Em seu discurso, Raquel Hallak - ao lado dos parceiros da Universo Produção, Fernanda Hallak e Quintino Vargas - anunciou a abertura da Casa da Mostra na Rua Direita, 224. A Casa vai disponibilizar ao público a consulta de todo o acervo dessas duas décadas da mostra: catálogos, livros, objetos, áudios de debates, imagens em vídeo e fotografia.
A performance audiovisual dirigida por Chico de Paula recrutou um quinteto poderoso de atrizes, ator, performers, cantoras e músico: Josie Lopes, David Maurity, Bia Nogueira, Grazi Medrado e Barulhista. Em cena, e no centro nervoso pulsante, questões como feminismo, negritude, identidade e orientação sexual
Josie Lopes impactou a plateia já no corredor central do Cine-Tenda com a força do seu tambor tribal e seu canto agreste e ancestral. Sua chegada ao palco foi a passagem do bastão para a entrada do mestre de cerimônia, David Maurity, entoando versos da canção Super homem, de Gilberto Gil. Mauritiy, do coletivo Toda Desejo, conduziu a apresentação com pleno domínio da cena, injetando sutilidades transgressoras no protocolo, o que jamais deixou a apresentação cair no convencional . Bia Nogueira fez a junção de canto e teatro com seu peculiar domínio de cena, e, por fim, a entrada matadora de Grazi Medrado, a mais bela artista da cena belorizontina, e beleza aqui entendida não só na questão estética, pois é também aí, mas ainda na altivez de luta política e humanista. Grazi interpretou texto inspirado de Grace Passô, que passeou por reflexões sérias, elegantemente costuradas por jogos de palavras, para apresentar as homenageadas, Helena Ignez e Leandra Leal. E por fim o artista sonoro e compositor Barulhista assinando a trilha sonora indispensável para o desenho do conjunto.

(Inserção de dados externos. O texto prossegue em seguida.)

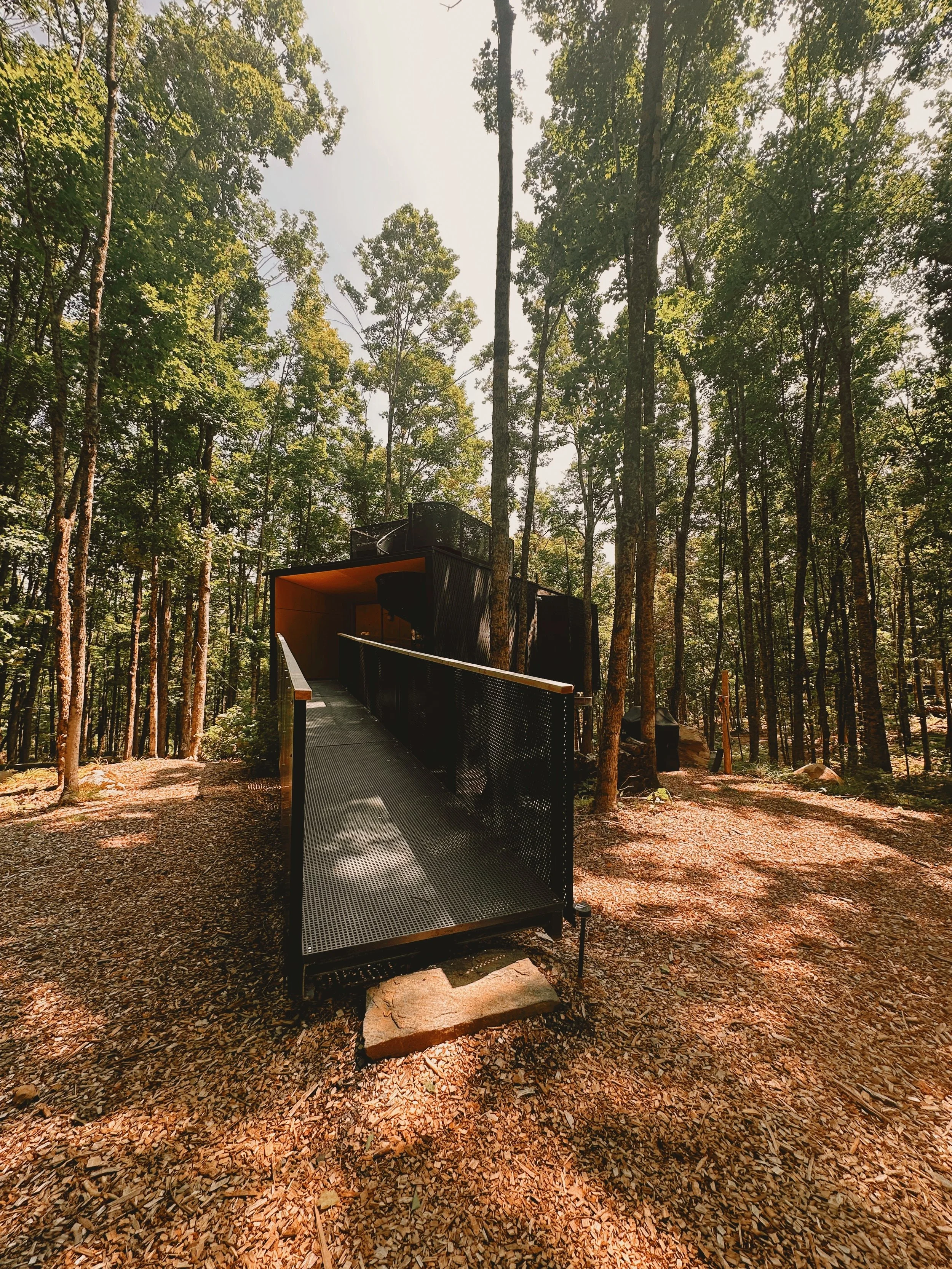 Fort Treehouse Co.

Foi, com certeza - para o Mulheres -, uma das mais belas aberturas das duas décadas de Mostra.
Tanto Helena Ignez como Leandra Leal subiram ao palco para receber o Troféu Barroco como homenageadas acompanhas de mulheres de suas famílias, no caso, também do universo artístico: Helena com as filhas Djin e Sinai Sganzerla; Leandra com a mãe Ângela Leal - aliás, a filha de Leandra roubou a cena nas suas intervenções para que a mãe não falasse, no que Leandra, em suas tentativas de se desvencilhar dos apelos da filha, divertiu a plateia ao dizer "E agora sou mãe"
Divinas divas, documentário de 1h50 dirigido por Leandra Leal - que marca a passagem da atriz para a direção - foi o filme de abertura. Em cena, um grupo de travestis pioneiras que marcaram época como artistas no Brasil dos anos 1960,, e que deram continuidade às carreiras nas décadas seguintes em nível nacional e algumas, inclusive, internacional. Mais que marcarem a cena, elas também são fundamentais para as conquistas de hoje na luta das questões LGBTT e também para a construção de identidade do país. São elas: Rogéria, Jane Di Castro, Divina Valéria, Camille K, Eloína dos Leopardos, Fujika de Halliday, Marquesa, Brigitte de Búzios.
Divinas Divas é um registro histórico que jamais abre mão do olhar humanista e que faz ponte fundamental com a própria história de vida de Leandra, já que ela conviveu com todas desde a infância. Isso porque foi seu avô, Américo Leal, fundador do Teatro Rival, atualmente administrado por Leandra e sua mãe, o primeiro a abrir as portas de um teatro para aquela comunidade.
A 20a Mostra de Cinema de Tiradentes vai até o dia 28 de janeiro, com uma programação intensa e gratuita de filmes, debates, seminários, oficinas, cortejo, atrações musicais, lançamentos de livro e exposição.